There are better ways to get that kind of power, just not with that wire and that mod. Super-subbing is arguably the worst way to go about it because of the risks involved and the performance loss from working your batteries much harder than they're meant to. If you just wanna knock on the door of 200w, a .35 build on a series mod will just get you there for just 25 amps of current, which at least leaves you with SOME headroom. It's a truer 200w than regulated 200w, which are PWM.

Of course, you'll have to use wire that has a higher resistance... ...and a lot more of it. But it will perform much better. With thinner wire, you can squeeze in a ton of surface area for that heat to distribute across and it will have less mass, meaning it heats up AND cools down quicker. It's also more power efficient, meaning the returns you see on each watt will be increased.

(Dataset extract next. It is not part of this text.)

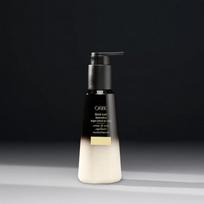 Oribe Gold Lust Night Cream For Hair Plaukus atkuriantis naktis kremas, 150ml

If you wanna go stupid high-power, go for a quad-battery series-parallel mod. Two series pairs wired in parallel, meaning double voltage AND double headroom. A well-made one can actually get you beyond where you can get super-subbing and do so safely. You can really go crazy with it. A .2 will yield 350w for 42A. Wouldn't recommend that at all, but the capability is there.

All that being said, I wouldn't recommend using either of those without a good bit of experience and knowledge under your belt. It's important that you know exactly how everything shakes down. Don't take this the wrong way, but if you have to ask these questions, then you probably aren't ready to be messing around with any of this stuff. Stick to what you know for now. That's the golden rule.

I'm glad you asked instead of just going through with it - that was the right thing to do, but that is nonetheless the truth. These things are important to discuss, but talking about it is one thing...

I have an RX200, and a Cuboid. Both limit me to .1 ohm, the Fuchai will drop to .05, but the one I had died after 3 months so I probably won't do that again.
Regulated devices handle current differently. A .1 on a regulated mod doesn't translate to the same battery load as it would on a mech. Regulated mods run in series and use a buck converter to exchange the extra voltage for current. It only draws as much current from the batteries as it needs to generate the wattage going to the coils.

As an example, let's say you're running a .1 @ 150w on a dual battery regulated box. For it to first generate the power, it will pull just shy of 20A @ 8.4v from the batteries. The buck converter then feeds the atty nearly 40A @ 3.9v. It gives the coil the 40A it needs to run at 150w as per ohm's law, but doesn't take current that the batteries can't handle. This is why you can safely super-sub on a regulated box. It's not drawing as much current as it's dishing out.